What the task requires: Under this line sits a listing. Repeat exactly and only its lines from the one holding "68e High Yield" through the one holding "Vintamour High Waist"; skip pictures.

START Extracted data

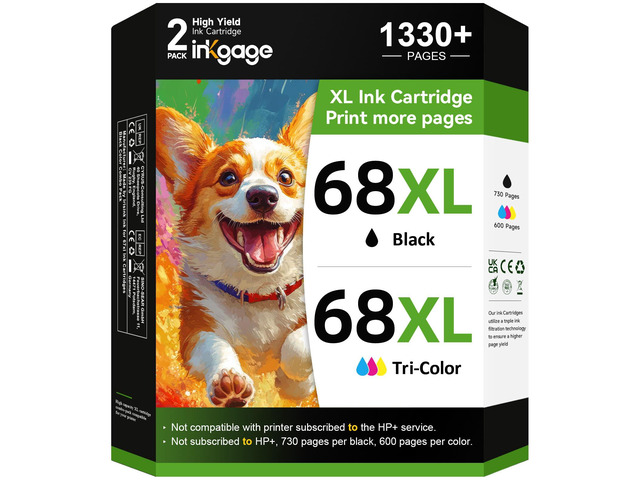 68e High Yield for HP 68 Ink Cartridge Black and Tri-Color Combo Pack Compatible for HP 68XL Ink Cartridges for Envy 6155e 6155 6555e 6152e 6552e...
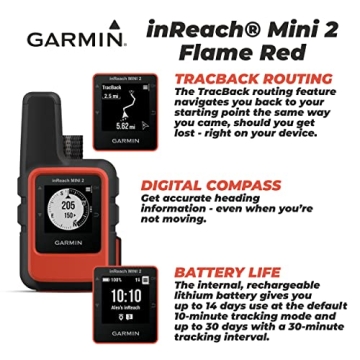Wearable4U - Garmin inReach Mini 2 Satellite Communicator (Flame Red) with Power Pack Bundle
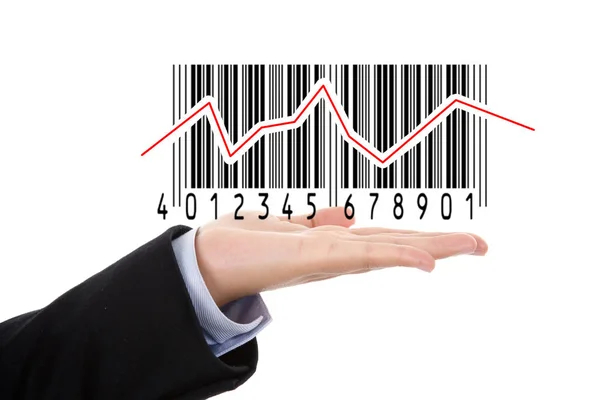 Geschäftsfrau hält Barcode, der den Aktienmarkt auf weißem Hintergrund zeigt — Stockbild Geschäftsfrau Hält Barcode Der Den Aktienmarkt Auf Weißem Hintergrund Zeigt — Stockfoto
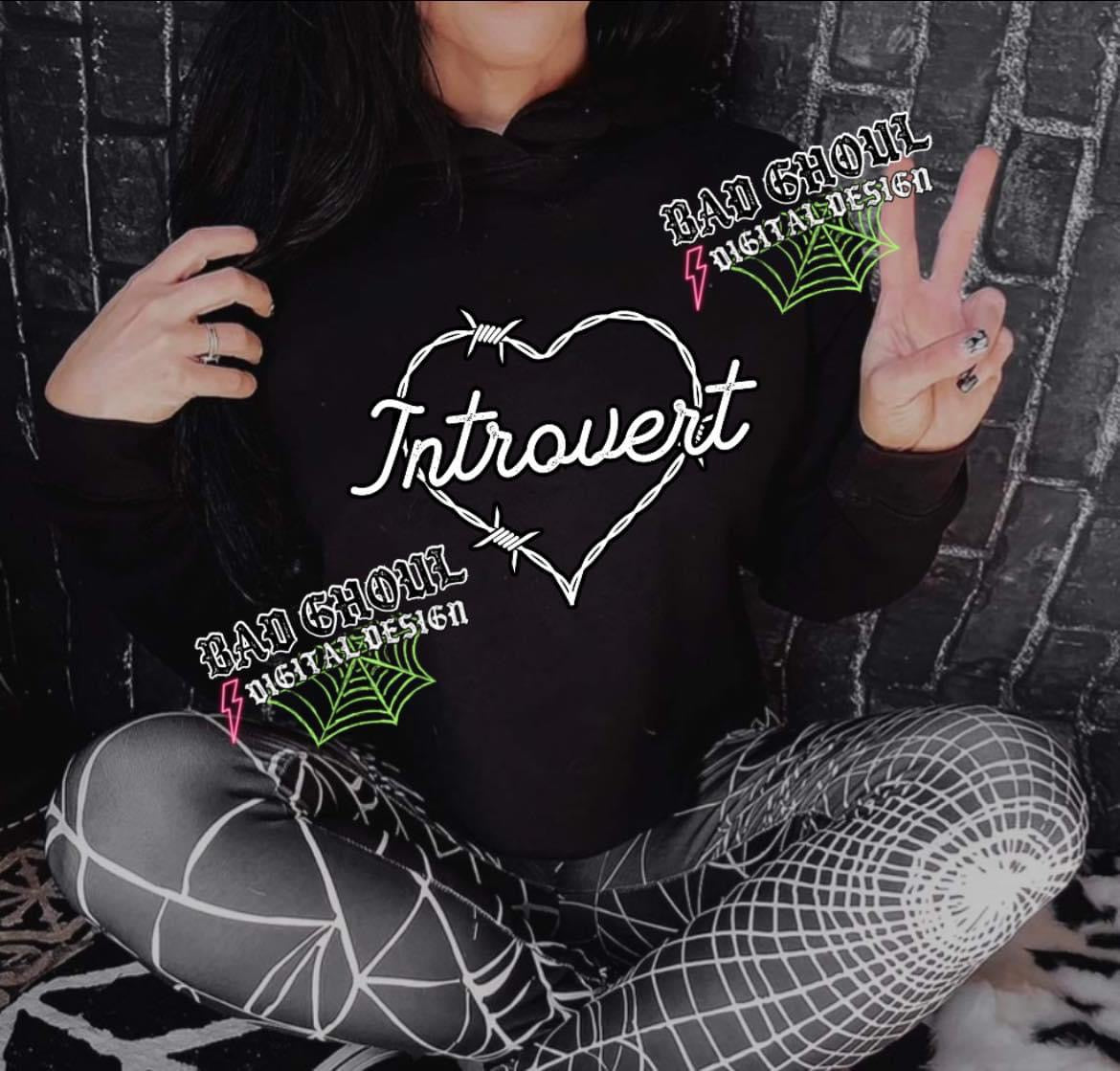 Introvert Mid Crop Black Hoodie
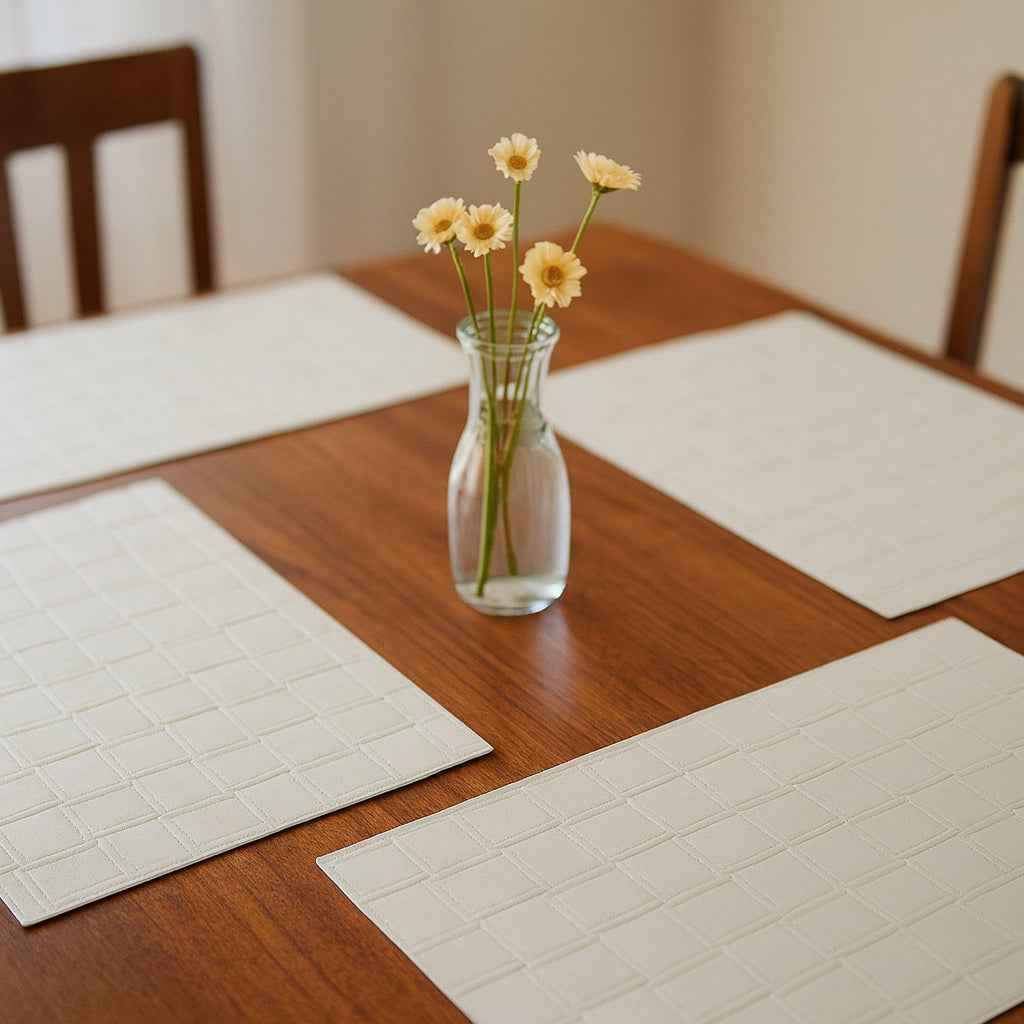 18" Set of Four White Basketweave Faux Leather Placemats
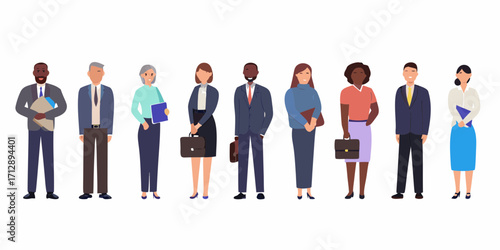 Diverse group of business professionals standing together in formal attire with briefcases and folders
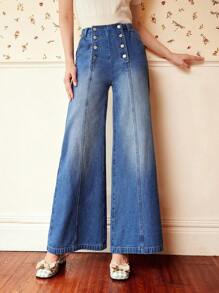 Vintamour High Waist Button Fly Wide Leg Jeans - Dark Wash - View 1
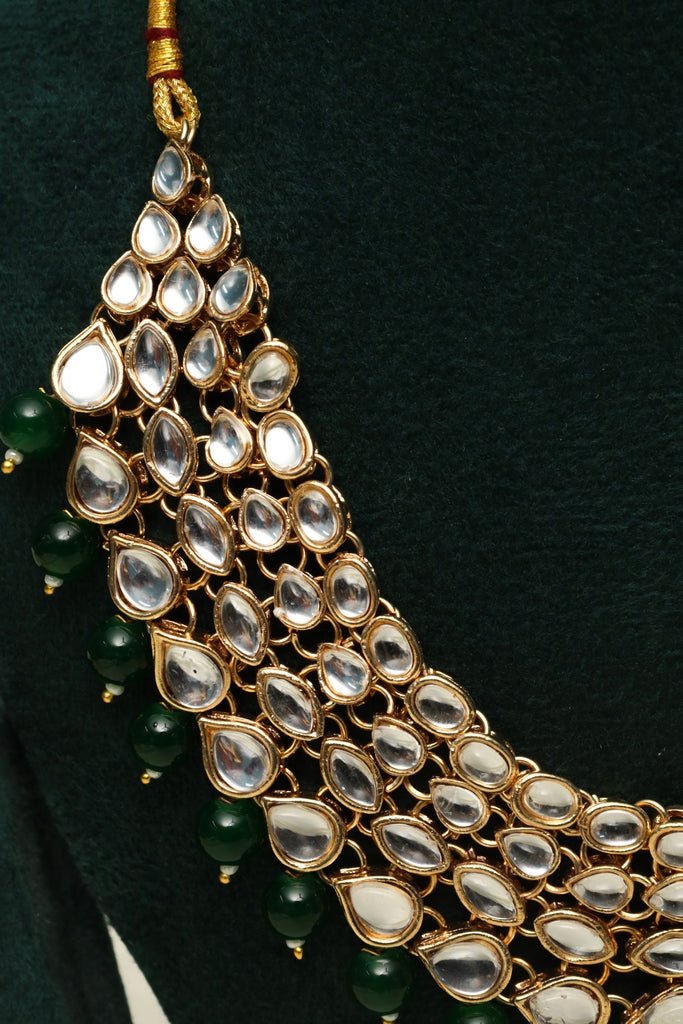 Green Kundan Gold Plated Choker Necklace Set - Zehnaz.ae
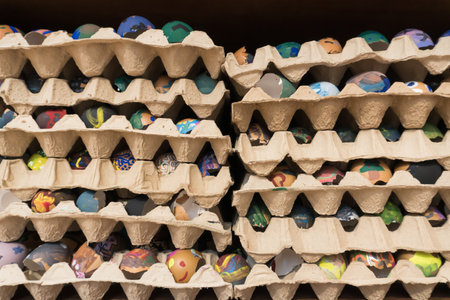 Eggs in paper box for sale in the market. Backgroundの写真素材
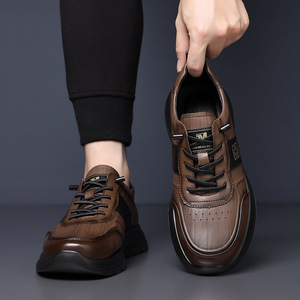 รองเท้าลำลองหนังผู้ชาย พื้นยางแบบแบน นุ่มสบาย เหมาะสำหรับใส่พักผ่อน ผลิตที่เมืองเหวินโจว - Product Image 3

END Extracted data
START Extracted data

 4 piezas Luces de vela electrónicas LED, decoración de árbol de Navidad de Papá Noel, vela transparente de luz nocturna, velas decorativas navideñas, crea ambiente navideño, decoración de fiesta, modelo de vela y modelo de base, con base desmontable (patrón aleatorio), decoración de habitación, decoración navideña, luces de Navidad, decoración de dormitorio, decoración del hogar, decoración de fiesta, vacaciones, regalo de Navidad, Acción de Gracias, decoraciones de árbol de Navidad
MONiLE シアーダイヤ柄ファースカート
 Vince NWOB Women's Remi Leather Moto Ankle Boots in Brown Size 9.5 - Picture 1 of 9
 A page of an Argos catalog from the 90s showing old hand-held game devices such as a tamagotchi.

END Extracted data

Solution below:
 68e High Yield for HP 68 Ink Cartridge Black and Tri-Color Combo Pack Compatible for HP 68XL Ink Cartridges for Envy 6155e 6155 6555e 6152e 6552e...
Wearable4U - Garmin inReach Mini 2 Satellite Communicator (Flame Red) with Power Pack Bundle
 Geschäftsfrau hält Barcode, der den Aktienmarkt auf weißem Hintergrund zeigt — Stockbild Geschäftsfrau Hält Barcode Der Den Aktienmarkt Auf Weißem Hintergrund Zeigt — Stockfoto
 Introvert Mid Crop Black Hoodie
 18" Set of Four White Basketweave Faux Leather Placemats
 Diverse group of business professionals standing together in formal attire with briefcases and folders
 Vintamour High Waist Button Fly Wide Leg Jeans - Dark Wash - View 1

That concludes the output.